A OMS decidiu deixar a exposição máxima ao ozônio —neste caso, medida em microgramas por metro cúbico para um período de oito horas— no mesmo nível estabelecido pelas diretrizes de 2005. Para o monóxido de carbono, foi definido pela primeira vez um limite para exposição em 24 horas: quatro miligramas por metro cúbico. Apenas no caso do dióxido de enxofre a OMS decidiu, depois de analisar a literatura científica, aprovar diretrizes mais brandas. Pelos padrões de 2005, era considerada segura a exposição inferior a 20 microgramas por metro cúbico em um período de 24 horas; agora, o limite foi ampliado para 40 microgramas.
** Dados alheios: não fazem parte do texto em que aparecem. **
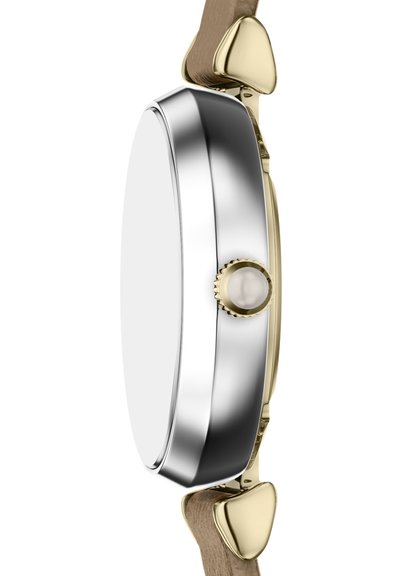 Silver stainless steel watch case with a smooth surface, gold accents, and a round crown. Brown leather strap complements the design.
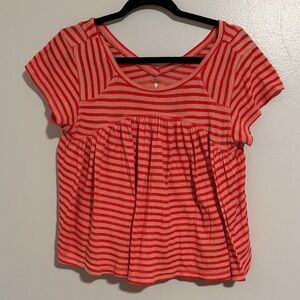 Free People orange and cream Striped Top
Mais de 40 sociedades médicas de todo o mundo divulgaram nesta quarta-feira uma declaração conjunta apoiando as diretrizes e pedindo que os governos combatam a poluição. Essas entidades lembraram que os novos limites refletem bem “o amplo consenso científico” sobre o impacto da poluição atmosférica na saúde. Mark Nieuwenhuijsen, presidente da Sociedade Internacional de Epidemiologia Ambiental e pesquisador do ISGlobal, afirmou, em um comunicado, que “as diretrizes são um alerta para os responsáveis políticos” e manifestou a esperança de que “influam nas políticas de qualidade do ar em todo o mundo”, mesmo não tendo força de lei.

Impacto na Espanha

A Espanha, assim como os demais países da União Europeia, tem limites de exposição a poluentes atmosféricos definidos, em parte, com base nas recomendações de 2005 da OMS. No caso do dióxido de nitrogênio, o limite estabelecido pelas normas europeias coincidia até agora com o da Organização Mundial da Saúde. E apenas dois núcleos populacionais espanhóis, Madri e Barcelona, superam esse limite, o que motivou uma denúncia contra a Espanha no Tribunal de Justiça da União Europeia. Mas se a UE decidir assumir os novos limites fixados pela OMS para esse poluente, todas as cidades grandes e médias do país estarão violando essas diretrizes, explica Miguel Ángel Ceballos, dos Ecologistas en Acción. Ou seja: “A população afetada pelo NO₂ passaria de 7 para 33 milhões”, cerca de 70% dos habitantes do país.

 

No caso das partículas, a legislação europeia é mais branda do que as diretrizes da OMS. Levando em conta as recomendações de 2005 da organização, 23 milhões de habitantes da Espanha residem em áreas que ultrapassam os limites de PM₁₀. Levando em conta as novas diretrizes, esse total chega a 39 milhões, 84% da população espanhola, segundo os cálculos de Ceballos. No caso das PM₂,₅, o total passaria 29 para 43 milhões de pessoas, 92% dos habitantes da Espanha.